DATA SEGMENT:
▶

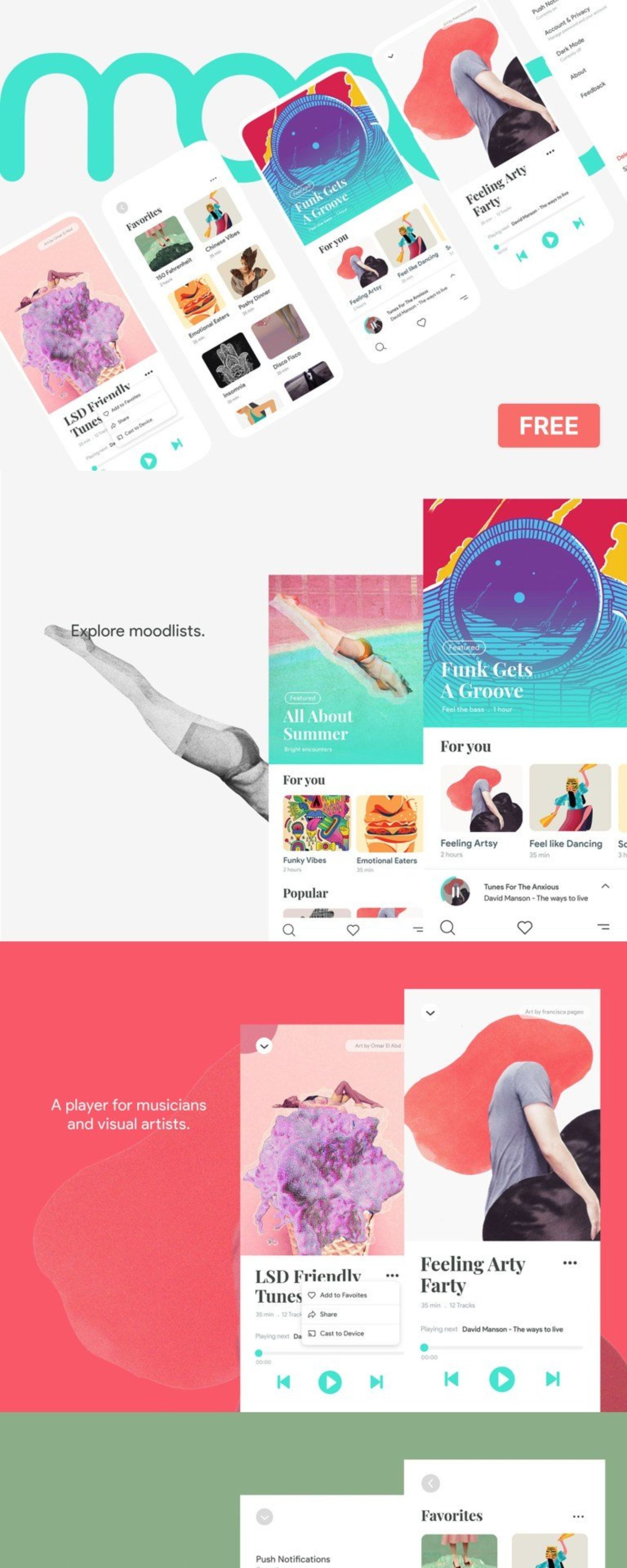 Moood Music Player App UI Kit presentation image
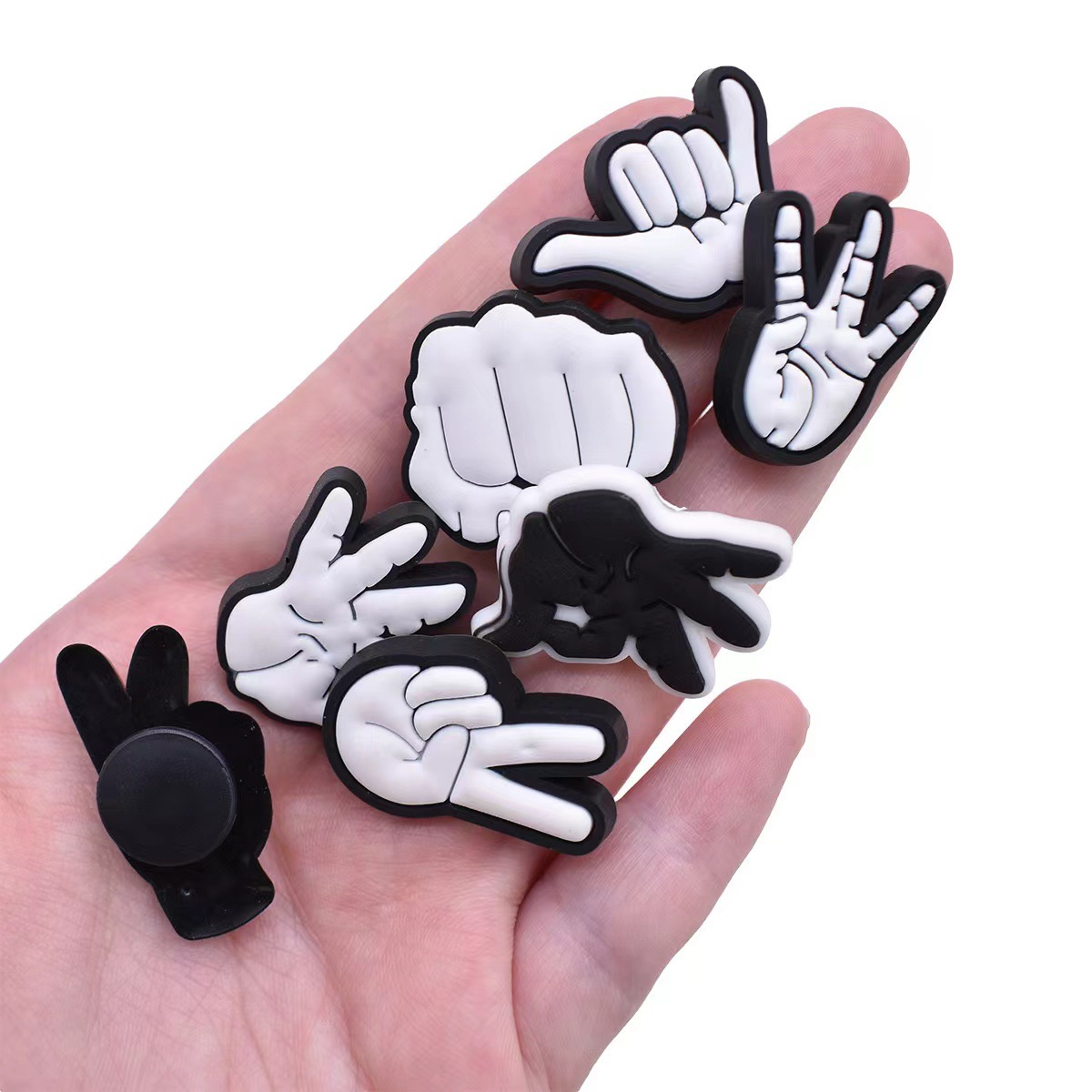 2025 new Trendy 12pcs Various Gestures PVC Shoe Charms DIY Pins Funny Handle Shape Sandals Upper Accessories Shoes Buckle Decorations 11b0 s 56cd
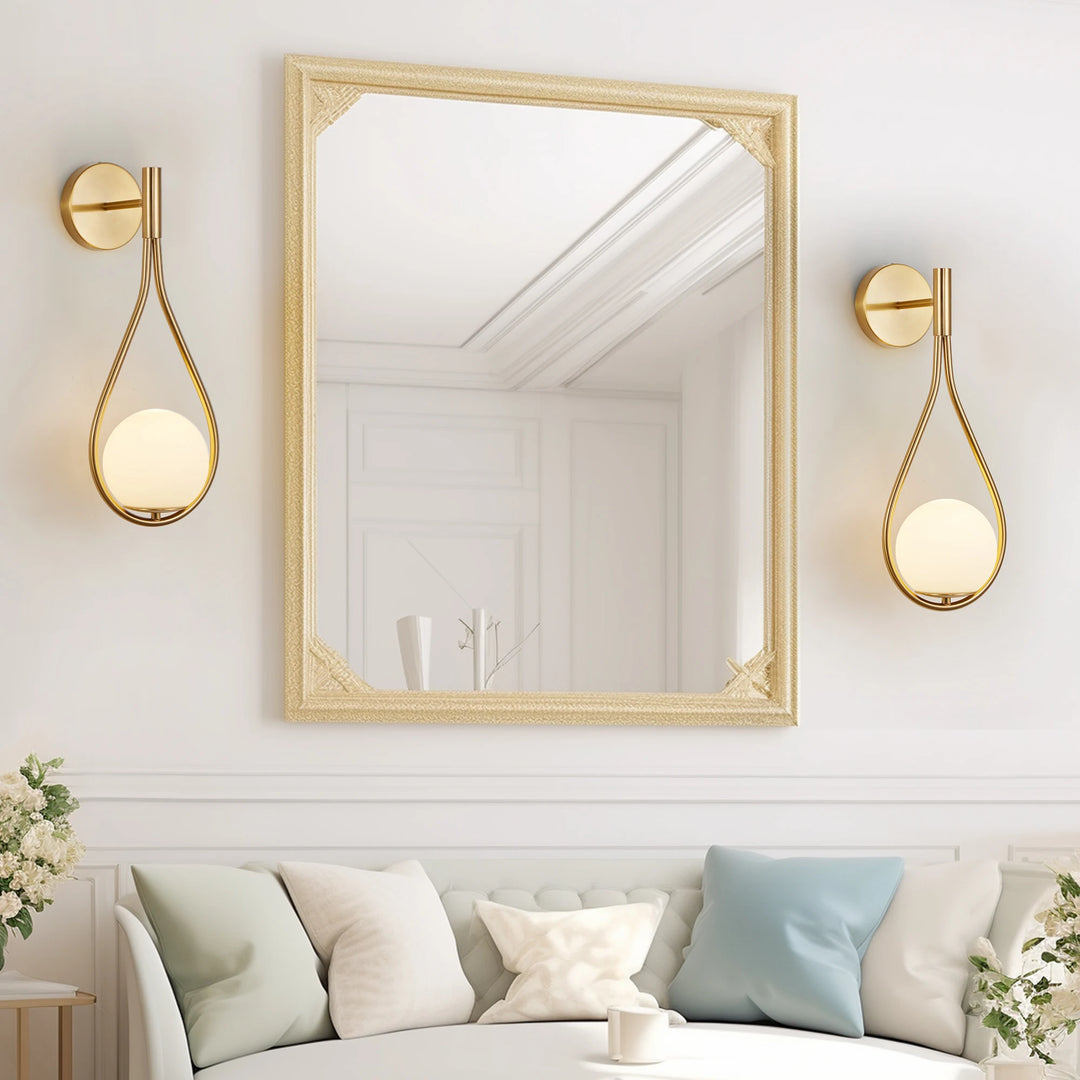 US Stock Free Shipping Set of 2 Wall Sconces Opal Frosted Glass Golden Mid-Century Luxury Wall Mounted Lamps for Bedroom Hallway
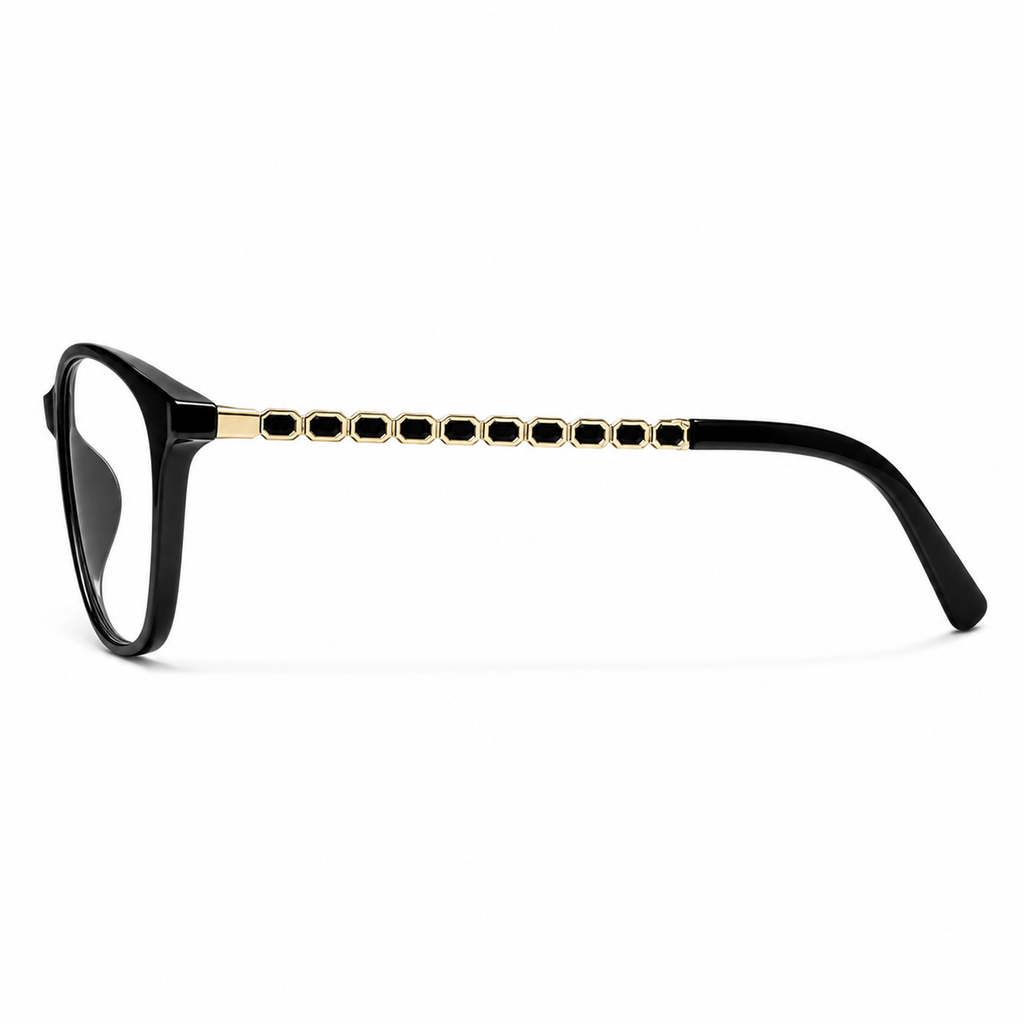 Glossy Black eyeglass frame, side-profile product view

◀

EXERCISE REQUIREMENTS: Write out the listing word for word, omitting the pictures it holds.

YOUR SOLUTION:
 Moood Music Player App UI Kit presentation image
 2025 new Trendy 12pcs Various Gestures PVC Shoe Charms DIY Pins Funny Handle Shape Sandals Upper Accessories Shoes Buckle Decorations 11b0 s 56cd
 US Stock Free Shipping Set of 2 Wall Sconces Opal Frosted Glass Golden Mid-Century Luxury Wall Mounted Lamps for Bedroom Hallway
 Glossy Black eyeglass frame, side-profile product view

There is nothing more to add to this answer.